On a broad level, there are 2 methods for domain adaptation in Deep CNN type networks:
-
Correlation Alignment: Aligning the global statistics of source and target domain (handcrafted transformation).
-
Adversarial Alignment: Learns to form domain-invariant representations (learnt transformation).
Adversarial Alignment
Reading:
-
The source and target models can be same or different. To make them same, we use the weight tying concept in CNNs. Or we can tie only some layers.
-
The classification loss is only on source domain. We can also add it on target domain if we have data (semi-supervised DA).
-
The domain confusion loss can be of different types:
-
Adversarial loss: Add a classifier that learns to distinguish between the 2 domains. However, reverse the gradient going into the main network. Problem: The loss is not good enough. Suppose it learns to distinguish perfectly, and then reverses its decision. That will perform well on this loss but not help us.
-
GAN Loss: Intuitively, this is like matching a varying fake distribution to a constant real distribution.

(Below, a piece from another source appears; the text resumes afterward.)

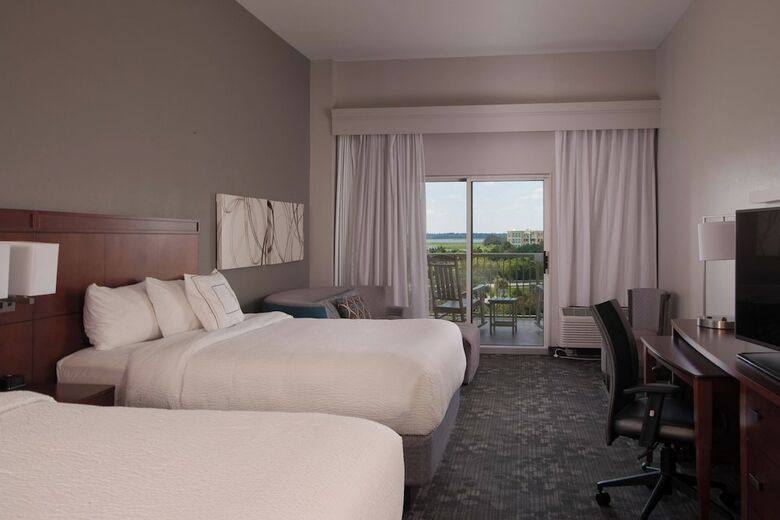 Hotel Courtyard Charleston Waterfront By Marriott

It only penalizes classification of target class, leaving the source feature distribution as it is (unless tied weights I guess).
-
Confusion Objective: Adversarial Loss + Reverse Adversarial Loss.
-
Ideas:
-
Keep a pretrained CNN and a new CNN initialised with pretrained CNN, with top few layers unfrozen. Learn a GAN loss and only propogate it in the new model. We can replace GAN Loss with pairwise L2 loss also.
-
DANN: Pretrained CNN + All weights tied. Learn domain invariance but keep a classification loss to ensure representations stay meaningful.
Papers:
BatchNorm based Alignment
Reading:
-
Both shallow layers and deep layers of the DNN are influenced by domain shift. Domain adaptation by manipulating the output layer alone is not enough.
-
The statistics of BN layer contain the traits of the data domain.
Method:
- Compute mean and var of target domain. While testing use target domain mean and variance instead of source domain.
Ideas:
-
Visualize mean and variance for each mini-batch for each layer for both datasets.
-
If they come to be very different for the 2 datasets, then the hypothesis in the paper is true.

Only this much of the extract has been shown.